It sounds like "7" is more reasonable because when I test using below code, the value is still valid, while "8" is invalid
Why don't the compilers check the interchange format for giving decision about the numbers of digits represented in floating-point (instead of using a fixed value)?
Code:
#include <iostream>
#include <limits>
using namespace std;
int main( )
{
cout << numeric_limits<float> :: digits10 << endl;
float f = -9999999;
cout.precision ( 10 );
cout << f << endl;
}
You're not reading the documentation.
std::numeric_limits<float>::digits10 is 6:
The value of std::numeric_limits<T>::digits10 is the number of base-10 digits that can be represented by the type T without change, that is, any number with this many decimal digits can be converted to a value of type T and back to decimal form, without change due to rounding or overflow. For base-radix types, it is the value of digits (digits-1 for floating-point types) multiplied by log10(radix) and rounded down.
The standard 32-bit IEEE 754 floating-point type has a 24 bit fractional part (23 bits written, one implied), which may suggest that it can represent 7 digit decimals (24 * std::log10(2) is 7.22), but relative rounding errors are non-uniform and some floating-point values with 7 decimal digits do not survive conversion to 32-bit float and back: the smallest positive example is 8.589973e9, which becomes 8.589974e9 after the roundtrip. These rounding errors cannot exceed one bit in the representation, and digits10 is calculated as (24-1)*std::log10(2), which is 6.92. Rounding down results in the value 6.
std::numeric_limits<float>::max_digits10 is 9:
The value of std::numeric_limits<T>::max_digits10 is the number of base-10 digits that are necessary to uniquely represent all distinct values of the type T, such as necessary for serialization/deserialization to text. This constant is meaningful for all floating-point types.
Unlike most mathematical operations, the conversion of a floating-point value to text and back is exact as long as at least max_digits10 were used (9 for float, 17 for double): it is guaranteed to produce the same floating-point value, even though the intermediate text representation is not exact. It may take over a hundred decimal digits to represent the precise value of a float in decimal notation.

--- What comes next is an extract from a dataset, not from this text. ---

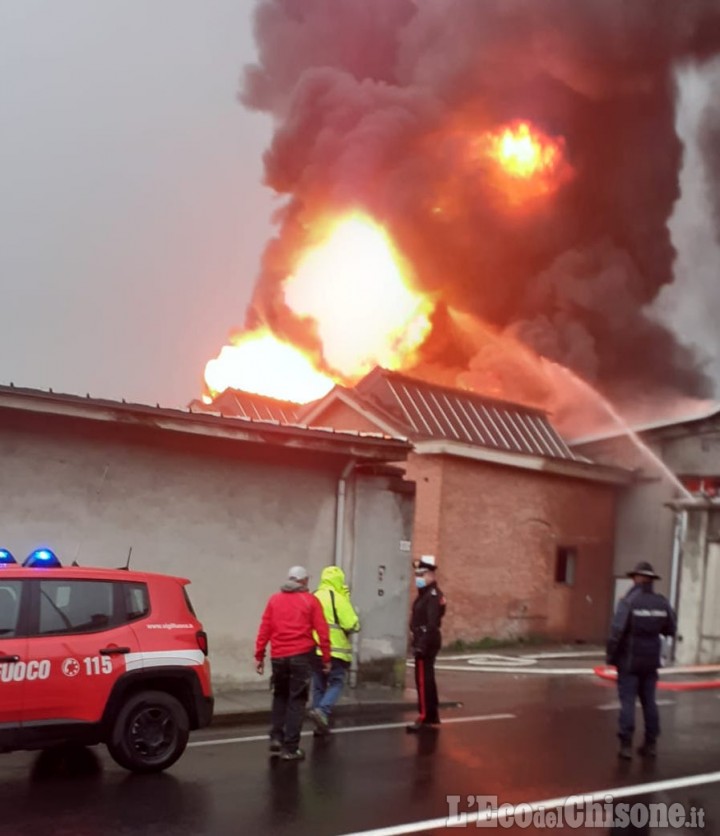 Luserna S.G.: incendio in via I Maggio, divieto di apertura finestre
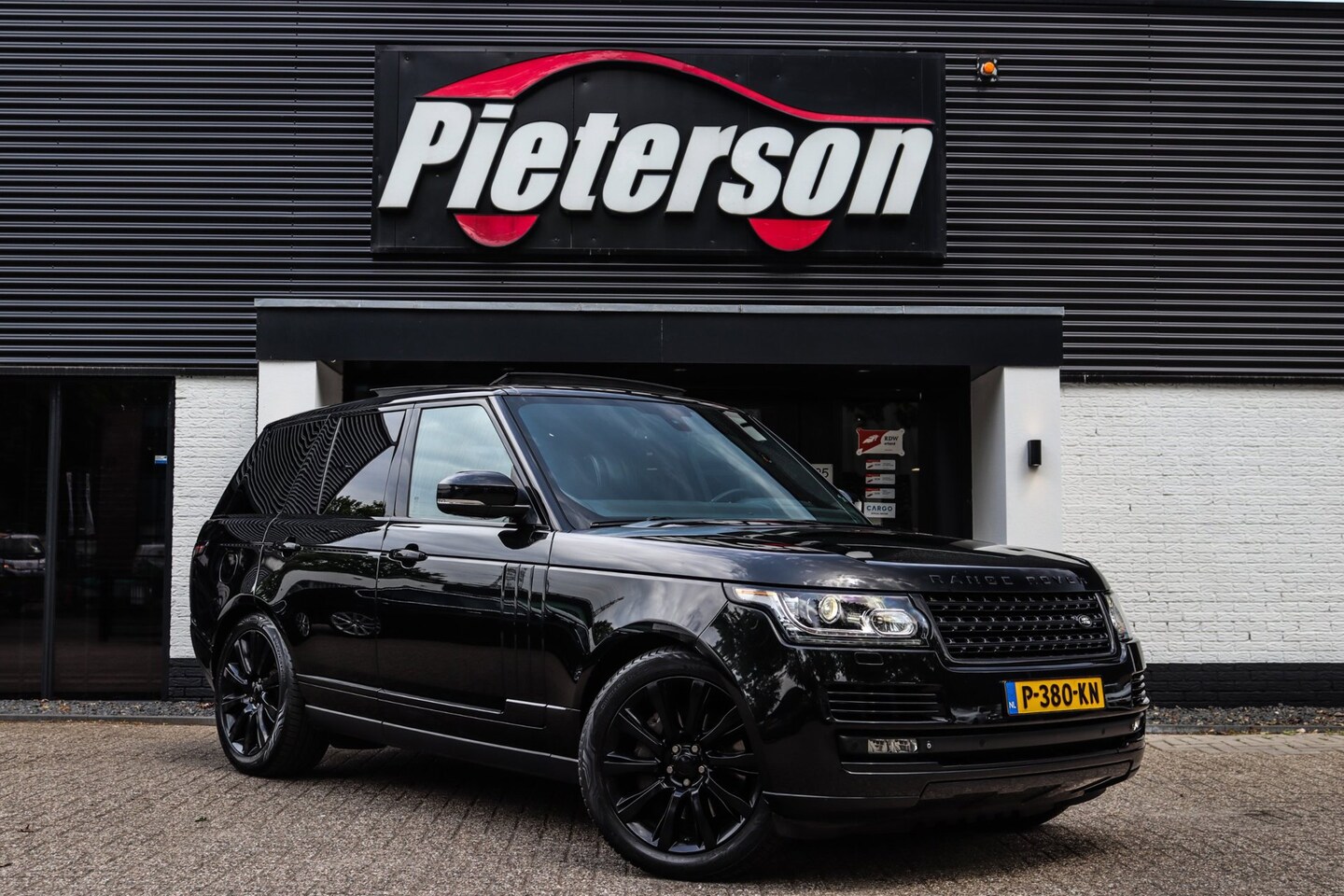 Land Rover Range Rover - 4.4 SDV8 Vogue PANO MASSAGE VOL OPTIE - AutoWereld.nl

std::numeric_limits<float>::digits10 equates to FLT_DIG, which is defined by the C standard :
number of decimal digits, q, such that any floating-point number with q decimal digits can be rounded into a floating-point number with p radix b digits and back again without change to the q decimal digits,
⎧ p log10 b if b is a power of 10
⎨
⎩ ⎣( p − 1) log10 b⎦ otherwise
FLT_DIG 6
DBL_DIG 10
LDBL_DIG 10
The reason for the value 6 (and not 7), is due to rounding errors - not all floating point values with 7 decimal digits can be losslessly represented by a 32-bit float. Rounding errors are limited to 1 bit though, so the FLT_DIG value was calculated based on 23 bits (instead of the full 24) :
23 * log10(2) = 6.92
which is rounded down to 6.
With below code, I get result "4.31 43099".
double f = atof("4.31");
long ff = f * 10000L;
std::cout << f << ' ' << ff << '\n';
If I change "double f" to "float f". I get expected result "4.31 43100". I am not sure if changing "double" to "float" is a good solution. Is there any good solution to assure I get "43100"?
You're not going to be able to eliminate the errors in floating point arithmatic (though with proper analysis you can calculate the error). For casual usage one thing you can do to get more intuitive results is to replace the built-in float to integral conversion (which does truncation), with normal rounding:
double f = atof("4.31");
long ff = std::round(f * 10000L);
std::cout << f << ' ' << ff << '\n';
This should output what you expect: 4.31 43100
Also there's no point in using 10000L, because no matter what kind of integral type you use it still gets converted to f's floating point type for the multiplication. just use std::round(f * 10000.0);
The problem is that floating point is inexact by nature when talking about decimal numbers. A decimal number can be rounded either up or down when converted to binary, depending on which value is closest.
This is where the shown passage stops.